The 10-Year Comparison
Treat: $1,500-$2,000 over ten years, and you keep the mature tree with full canopy.
Remove and replace: $2,000-$3,500 upfront, but the new tree takes 10-15 years to provide comparable shade and aesthetic value.
If your ash is healthy and in a prime location, treatment edges ahead financially. If it's already declining or poorly located, removal wins.
What Makes Treatment Worth the Cost
Tree value isn't just about dollars. A 40-foot ash shading your south-facing windows can cut summer cooling costs by $100-$300 annually.[2] Over ten years of treatment at $1,500 total, you could save $1,000-$3,000 in electricity while keeping the tree.
Location matters enormously.
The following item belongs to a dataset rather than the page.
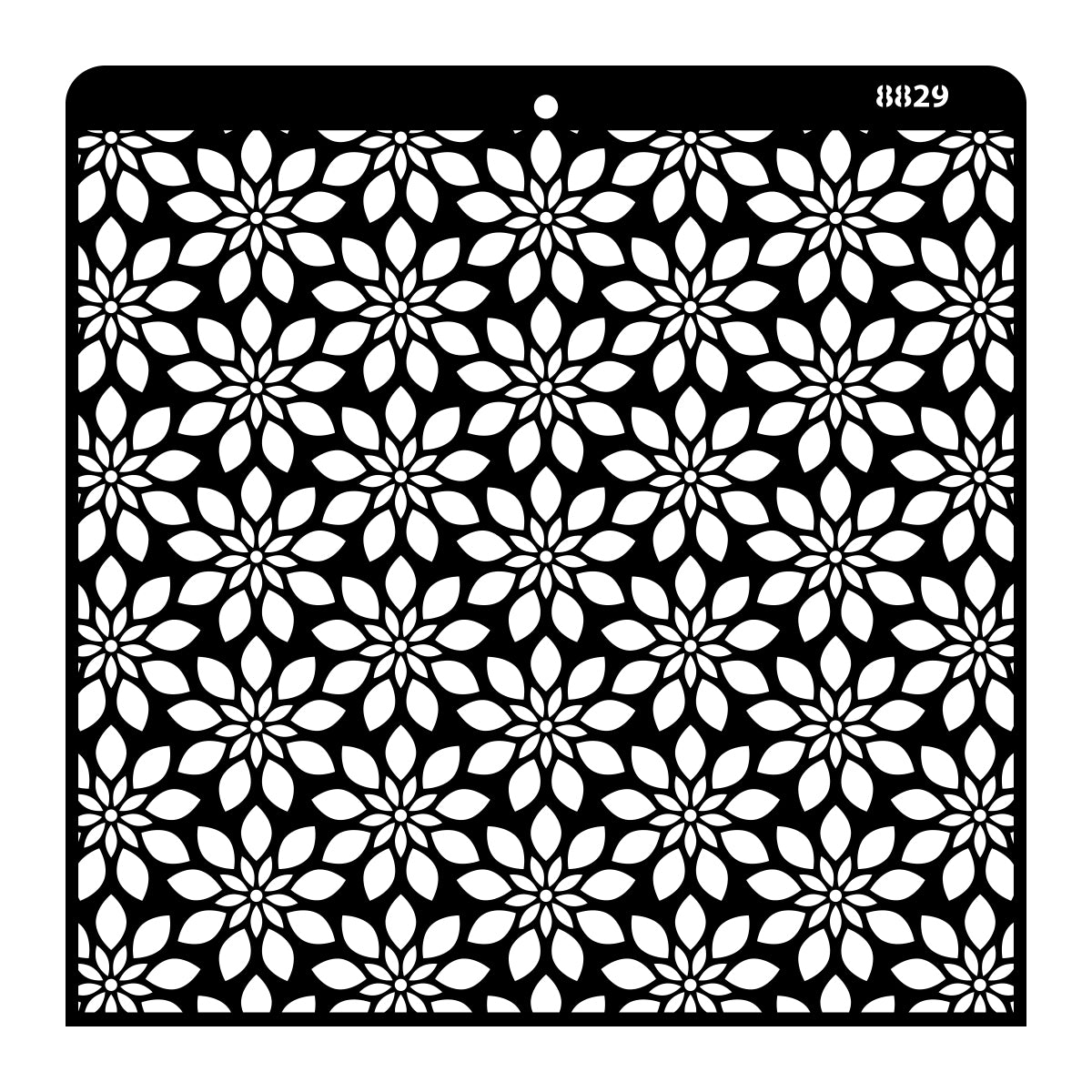 12X12 STENCIL - 8829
An ash tree providing critical erosion control on a slope has functional value beyond shade.[2] Losing it means potential soil movement, drainage problems, and landscape restoration costs that dwarf treatment expenses.
Tree size and health determine treatment success rates. A vigorous 20" ash with minimal canopy thinning responds well to treatment. One that's already lost 30-40% of its canopy is marginal. Once you're past 50% canopy loss, treatment isn't recommended — remove it.[3]
The Stage of Infestation
Early detection means better outcomes and lower costs. If you catch EAB before significant canopy thinning, treatment success rates are high and your tree has years of healthy growth ahead.
Wait until branches are dying back and you're treating a compromised tree that may not respond well. You'll spend the same money for worse results. Some homeowners treat for 2-3 years, see minimal improvement, and end up removing the tree anyway — spending $600-$1,200 on treatment before paying for removal.
Hidden Costs Most Homeowners Miss
Annual monitoring isn't free if you hire it out. Some arborists include inspection in their treatment service, others charge $75-$150 for assessment visits. DIY monitoring requires knowledge of what to look for and time commitment.
Treatment failure happens. Even with professional treatment, 5-10% of trees don't respond or show reinfestation after a few years. That's money spent with nothing to show for it except delaying the inevitable removal.
Property value impact cuts both ways. A dead or dying ash tree visible from the street hurts curb appeal and buyer perception. Buyers see a problem they'll need to address. But a thriving, professionally maintained mature tree adds measurable value — real estate agents consistently note specimen trees as selling points.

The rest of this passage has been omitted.